Gustavo Pinto

Personal information
- Full name: Gustavo Hernán Pinto
- Date of birth: 29 May 1979 (age 45)
- Place of birth: Ciudadela, Buenos Aires, Argentina
- Height: 1.80 m (5 ft 11 in)
- Position(s): Midfielder

Senior career*
- Years: Team / Apps / (Gls)
- 2000–2003: Boca Juniors / 29 / (1)
- 2003: Torpedo-Metallurg / 9 / (0)
- 2004: FK Moskva / 1 / (0)
- 2005: Emelec / 30 / (3)
- 2006: Olimpo / 16 / (0)
- 2006–2007: Godoy Cruz / 34 / (1)
- 2007–2008: Olimpo / 32 / (3)
- 2008: Newell's Old Boys / 0 / (0)

Managerial career
- 2015–2020: Boca Juniors (youth)
- 2021: Cancún

= Gustavo Pinto =

Argentine footballer

Gustavo Hernán Pinto (born 29 May 1979 in Ciudadela, Buenos Aires) is a former Argentine footballer and current manager.

==Career==
Born in Buenos Aires Province, Pinto began playing professional football as a midfielder with Club Atlético Boca Juniors. During his time at Boca Juniors, the club won the 2001 Copa Libertadores.

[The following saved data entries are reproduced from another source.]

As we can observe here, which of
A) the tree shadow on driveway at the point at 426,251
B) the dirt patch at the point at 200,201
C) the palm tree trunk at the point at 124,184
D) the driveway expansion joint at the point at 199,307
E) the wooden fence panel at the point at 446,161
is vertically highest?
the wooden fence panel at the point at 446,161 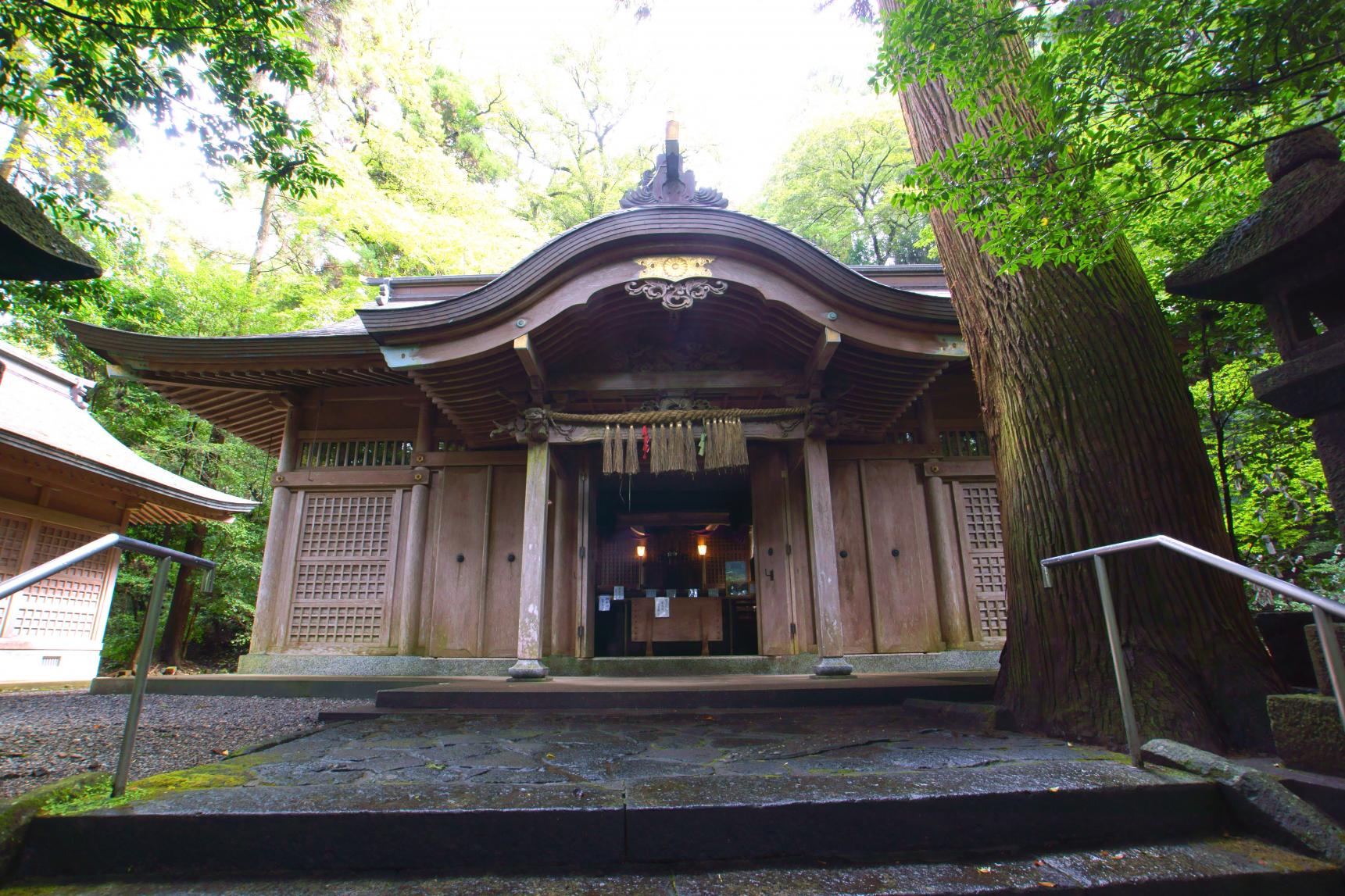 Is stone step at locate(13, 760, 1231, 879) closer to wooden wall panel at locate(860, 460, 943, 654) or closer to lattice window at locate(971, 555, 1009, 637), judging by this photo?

He has played for a number of clubs in Argentina and has also played in Russia with Torpedo-Metallurg and FC Moscow and in Ecuador with Emelec.

==Coaching career==
Pinto worked as a youth coach at Boca Juniors for five years, before leaving his position in the beginning of 2021, to join Mexican club Cancún, where he was appointed manager. He left the position in June 2021.